Source data:
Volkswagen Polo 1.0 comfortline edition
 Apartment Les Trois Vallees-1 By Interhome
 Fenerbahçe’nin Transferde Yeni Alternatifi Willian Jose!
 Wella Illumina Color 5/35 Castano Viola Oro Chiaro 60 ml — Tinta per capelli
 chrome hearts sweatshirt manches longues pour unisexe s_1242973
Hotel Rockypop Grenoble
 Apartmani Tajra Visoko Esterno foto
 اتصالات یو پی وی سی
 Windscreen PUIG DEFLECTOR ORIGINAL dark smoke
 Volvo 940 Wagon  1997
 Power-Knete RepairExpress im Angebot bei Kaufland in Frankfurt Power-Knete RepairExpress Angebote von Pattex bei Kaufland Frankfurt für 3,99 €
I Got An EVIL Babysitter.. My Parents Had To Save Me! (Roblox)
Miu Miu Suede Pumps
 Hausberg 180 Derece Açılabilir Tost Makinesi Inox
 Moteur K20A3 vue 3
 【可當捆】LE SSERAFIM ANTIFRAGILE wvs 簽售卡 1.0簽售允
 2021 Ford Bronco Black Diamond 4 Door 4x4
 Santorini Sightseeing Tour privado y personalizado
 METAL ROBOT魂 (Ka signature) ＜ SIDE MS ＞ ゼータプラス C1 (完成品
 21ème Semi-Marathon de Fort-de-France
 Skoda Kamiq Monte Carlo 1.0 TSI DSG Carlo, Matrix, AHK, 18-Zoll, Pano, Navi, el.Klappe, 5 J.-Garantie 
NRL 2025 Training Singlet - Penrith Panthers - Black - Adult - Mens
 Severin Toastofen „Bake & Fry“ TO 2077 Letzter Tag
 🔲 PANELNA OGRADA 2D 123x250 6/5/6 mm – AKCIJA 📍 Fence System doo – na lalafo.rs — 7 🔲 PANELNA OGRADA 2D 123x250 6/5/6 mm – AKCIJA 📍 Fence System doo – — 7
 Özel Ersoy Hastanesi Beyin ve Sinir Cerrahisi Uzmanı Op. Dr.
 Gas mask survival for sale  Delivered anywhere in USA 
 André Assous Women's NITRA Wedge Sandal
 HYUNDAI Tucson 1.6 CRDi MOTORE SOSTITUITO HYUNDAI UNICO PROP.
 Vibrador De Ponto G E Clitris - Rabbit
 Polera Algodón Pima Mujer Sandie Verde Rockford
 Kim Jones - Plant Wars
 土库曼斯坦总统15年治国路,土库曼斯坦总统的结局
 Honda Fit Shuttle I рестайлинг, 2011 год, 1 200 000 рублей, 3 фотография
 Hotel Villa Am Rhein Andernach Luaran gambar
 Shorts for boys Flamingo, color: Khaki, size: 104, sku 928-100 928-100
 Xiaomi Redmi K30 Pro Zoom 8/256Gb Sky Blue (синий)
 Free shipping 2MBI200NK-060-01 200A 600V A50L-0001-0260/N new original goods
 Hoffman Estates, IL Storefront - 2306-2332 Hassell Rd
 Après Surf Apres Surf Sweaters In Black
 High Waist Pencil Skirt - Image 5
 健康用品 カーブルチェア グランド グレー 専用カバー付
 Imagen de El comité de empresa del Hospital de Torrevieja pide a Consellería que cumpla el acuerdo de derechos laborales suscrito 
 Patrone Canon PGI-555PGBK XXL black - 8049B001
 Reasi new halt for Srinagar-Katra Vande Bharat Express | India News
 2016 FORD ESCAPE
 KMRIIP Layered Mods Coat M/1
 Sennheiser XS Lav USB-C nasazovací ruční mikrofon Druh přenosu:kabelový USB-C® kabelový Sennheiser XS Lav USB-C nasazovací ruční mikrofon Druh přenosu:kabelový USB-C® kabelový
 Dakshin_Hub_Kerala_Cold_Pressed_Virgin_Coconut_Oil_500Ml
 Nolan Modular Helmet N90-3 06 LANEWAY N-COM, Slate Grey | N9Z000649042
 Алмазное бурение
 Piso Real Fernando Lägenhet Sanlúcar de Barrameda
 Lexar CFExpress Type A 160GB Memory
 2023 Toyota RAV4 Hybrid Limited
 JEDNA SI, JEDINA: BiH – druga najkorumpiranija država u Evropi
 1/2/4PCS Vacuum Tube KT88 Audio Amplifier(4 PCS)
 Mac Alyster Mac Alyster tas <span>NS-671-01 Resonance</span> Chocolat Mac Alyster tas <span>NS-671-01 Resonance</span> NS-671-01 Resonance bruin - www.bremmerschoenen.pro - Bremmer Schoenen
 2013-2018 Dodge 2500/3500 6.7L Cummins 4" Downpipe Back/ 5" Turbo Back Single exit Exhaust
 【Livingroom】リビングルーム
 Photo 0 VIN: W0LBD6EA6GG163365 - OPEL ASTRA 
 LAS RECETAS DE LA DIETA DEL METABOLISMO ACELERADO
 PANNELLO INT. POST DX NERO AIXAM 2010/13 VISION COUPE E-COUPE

» **What to do**: The records above need to be output again, verbatim.

» **Response area**:
Volkswagen Polo 1.0 comfortline edition
 Apartment Les Trois Vallees-1 By Interhome
 Fenerbahçe’nin Transferde Yeni Alternatifi Willian Jose!
 Wella Illumina Color 5/35 Castano Viola Oro Chiaro 60 ml — Tinta per capelli
 chrome hearts sweatshirt manches longues pour unisexe s_1242973
Hotel Rockypop Grenoble
 Apartmani Tajra Visoko Esterno foto
 اتصالات یو پی وی سی
 Windscreen PUIG DEFLECTOR ORIGINAL dark smoke
 Volvo 940 Wagon  1997
 Power-Knete RepairExpress im Angebot bei Kaufland in Frankfurt Power-Knete RepairExpress Angebote von Pattex bei Kaufland Frankfurt für 3,99 €
I Got An EVIL Babysitter.. My Parents Had To Save Me! (Roblox)
Miu Miu Suede Pumps
 Hausberg 180 Derece Açılabilir Tost Makinesi Inox
 Moteur K20A3 vue 3
 【可當捆】LE SSERAFIM ANTIFRAGILE wvs 簽售卡 1.0簽售允
 2021 Ford Bronco Black Diamond 4 Door 4x4
 Santorini Sightseeing Tour privado y personalizado
 METAL ROBOT魂 (Ka signature) ＜ SIDE MS ＞ ゼータプラス C1 (完成品
 21ème Semi-Marathon de Fort-de-France
 Skoda Kamiq Monte Carlo 1.0 TSI DSG Carlo, Matrix, AHK, 18-Zoll, Pano, Navi, el.Klappe, 5 J.-Garantie 
NRL 2025 Training Singlet - Penrith Panthers - Black - Adult - Mens
 Severin Toastofen „Bake & Fry“ TO 2077 Letzter Tag
 🔲 PANELNA OGRADA 2D 123x250 6/5/6 mm – AKCIJA 📍 Fence System doo – na lalafo.rs — 7 🔲 PANELNA OGRADA 2D 123x250 6/5/6 mm – AKCIJA 📍 Fence System doo – — 7
 Özel Ersoy Hastanesi Beyin ve Sinir Cerrahisi Uzmanı Op. Dr.
 Gas mask survival for sale  Delivered anywhere in USA 
 André Assous Women's NITRA Wedge Sandal
 HYUNDAI Tucson 1.6 CRDi MOTORE SOSTITUITO HYUNDAI UNICO PROP.
 Vibrador De Ponto G E Clitris - Rabbit
 Polera Algodón Pima Mujer Sandie Verde Rockford
 Kim Jones - Plant Wars
 土库曼斯坦总统15年治国路,土库曼斯坦总统的结局
 Honda Fit Shuttle I рестайлинг, 2011 год, 1 200 000 рублей, 3 фотография
 Hotel Villa Am Rhein Andernach Luaran gambar
 Shorts for boys Flamingo, color: Khaki, size: 104, sku 928-100 928-100
 Xiaomi Redmi K30 Pro Zoom 8/256Gb Sky Blue (синий)
 Free shipping 2MBI200NK-060-01 200A 600V A50L-0001-0260/N new original goods
 Hoffman Estates, IL Storefront - 2306-2332 Hassell Rd
 Après Surf Apres Surf Sweaters In Black
 High Waist Pencil Skirt - Image 5
 健康用品 カーブルチェア グランド グレー 専用カバー付
 Imagen de El comité de empresa del Hospital de Torrevieja pide a Consellería que cumpla el acuerdo de derechos laborales suscrito 
 Patrone Canon PGI-555PGBK XXL black - 8049B001
 Reasi new halt for Srinagar-Katra Vande Bharat Express | India News
 2016 FORD ESCAPE
 KMRIIP Layered Mods Coat M/1
 Sennheiser XS Lav USB-C nasazovací ruční mikrofon Druh přenosu:kabelový USB-C® kabelový Sennheiser XS Lav USB-C nasazovací ruční mikrofon Druh přenosu:kabelový USB-C® kabelový
 Dakshin_Hub_Kerala_Cold_Pressed_Virgin_Coconut_Oil_500Ml
 Nolan Modular Helmet N90-3 06 LANEWAY N-COM, Slate Grey | N9Z000649042
 Алмазное бурение
 Piso Real Fernando Lägenhet Sanlúcar de Barrameda
 Lexar CFExpress Type A 160GB Memory
 2023 Toyota RAV4 Hybrid Limited
 JEDNA SI, JEDINA: BiH – druga najkorumpiranija država u Evropi
 1/2/4PCS Vacuum Tube KT88 Audio Amplifier(4 PCS)
 Mac Alyster Mac Alyster tas <span>NS-671-01 Resonance</span> Chocolat Mac Alyster tas <span>NS-671-01 Resonance</span> NS-671-01 Resonance bruin - www.bremmerschoenen.pro - Bremmer Schoenen
 2013-2018 Dodge 2500/3500 6.7L Cummins 4" Downpipe Back/ 5" Turbo Back Single exit Exhaust
 【Livingroom】リビングルーム
 Photo 0 VIN: W0LBD6EA6GG163365 - OPEL ASTRA 
 LAS RECETAS DE LA DIETA DEL METABOLISMO ACELERADO
 PANNELLO INT. POST DX NERO AIXAM 2010/13 VISION COUPE E-COUPE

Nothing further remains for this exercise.